The Social and Emotional Development from Birth to 18 months is often a concern for parents, especially first time parents. Trying to engage babies so that they grow in their own SELF-CONCEPT is a daunting task to begin with. Somehow as we parents become more attuned to our infant/baby, we gain confidence that “everything is okay.” But until we stop looking for something that doesn’t “seem right,” we often experience anxiety about individual instances of our baby not responding like we expect him to.
So, from the good folks who have written the “Washington State Early Learning and Development Benchmarks–Review Draft, Nov. 2004,” here are some basics for parents:
Some Indicators for Children:
- Explores own body (e.g., observes hands, reaches for toes)
- Responds with gestures or vocalizations when name is spoken.

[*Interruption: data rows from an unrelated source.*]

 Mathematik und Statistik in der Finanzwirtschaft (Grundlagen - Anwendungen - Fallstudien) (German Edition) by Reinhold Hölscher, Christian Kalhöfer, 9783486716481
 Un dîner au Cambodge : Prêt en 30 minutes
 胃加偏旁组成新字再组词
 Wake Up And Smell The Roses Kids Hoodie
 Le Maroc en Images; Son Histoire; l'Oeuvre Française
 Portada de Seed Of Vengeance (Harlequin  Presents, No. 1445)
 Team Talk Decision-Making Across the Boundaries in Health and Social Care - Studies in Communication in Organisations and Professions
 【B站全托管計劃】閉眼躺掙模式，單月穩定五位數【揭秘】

- Shows awareness of self in voice, mirror image, and body.
- Attempts to complete basic daily living tasks (e.g., feeds self)
Some Strategies for Caregivers:
- Make time to be alone and fully engaged with child.

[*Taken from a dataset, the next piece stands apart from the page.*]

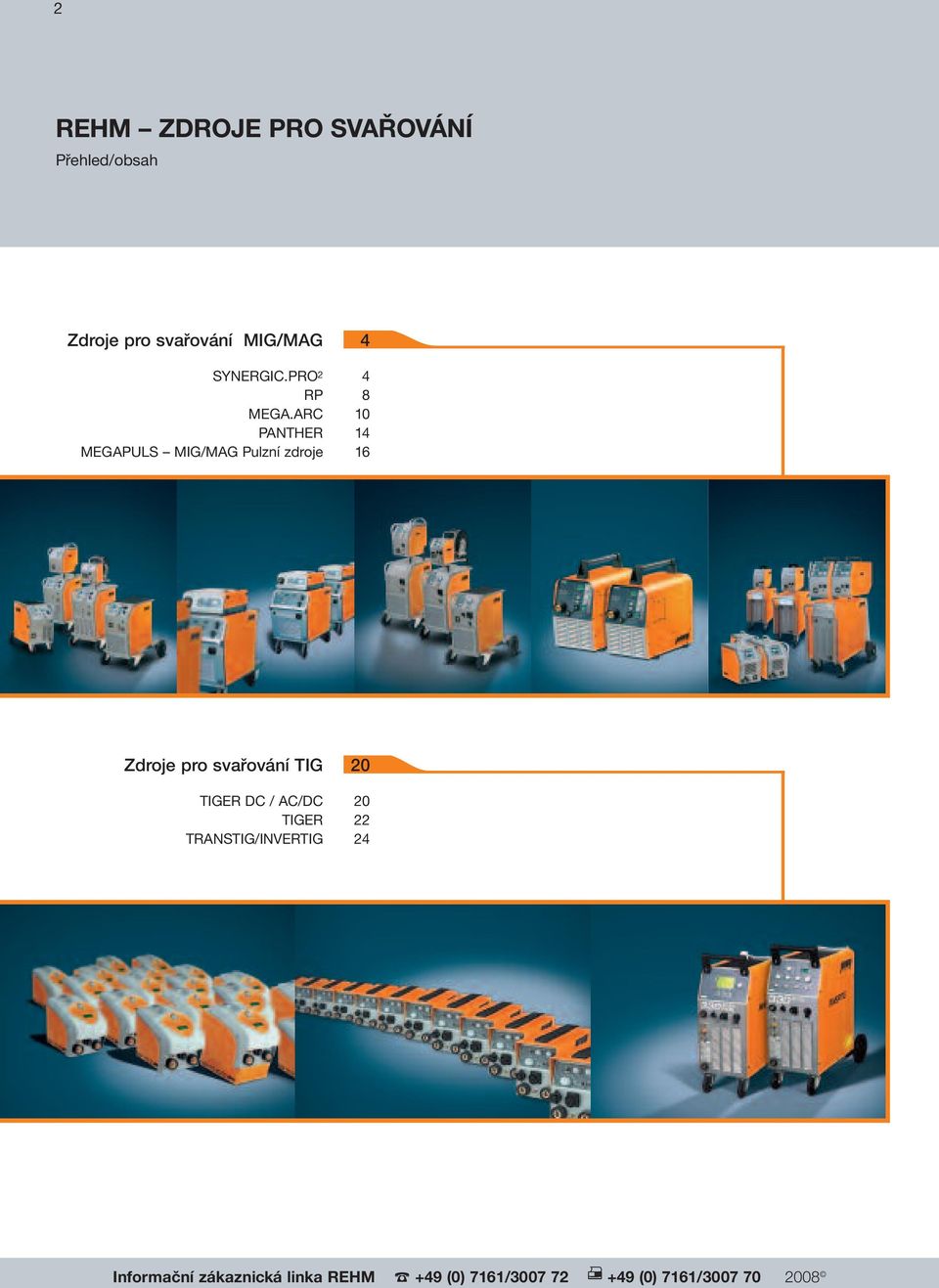 ARC 10 PANTHER 14 MEGAPULS MIG/MAG Pulzní zdroje 16 Zdroje pro svařování TIG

- Use child’s name during interactions
- Provide unbreakable mirrors for child to look at self.
- Give child time to find ways to soothe self.
- Give child time to remain engaged in activities.
As I write the two lists above, I’m realizing that there is a HUGE developmental difference between a month old infant and an 18 month old almost “child.” So please be aware that the above indicators are a building block process.
Here’s what I think I would do: As I play with my infant, I use her name a lot–the name you want to call her when she is six years old and fourteen years old. Not the cute name that rhymes with “banana.” It’s interesting how early childhood names “stick” when they are possibly “outgrown.” I have a dear friend named “Duck.” Yep. That’s his name. His mother referred to him in the womb as her “Little Duck.” Duck is now in his 70’s and very few people know that his given name is Donald (see how this works?). FYI–I am so glad that Duck has been a part of my life–he has given me untold gifts of friendship.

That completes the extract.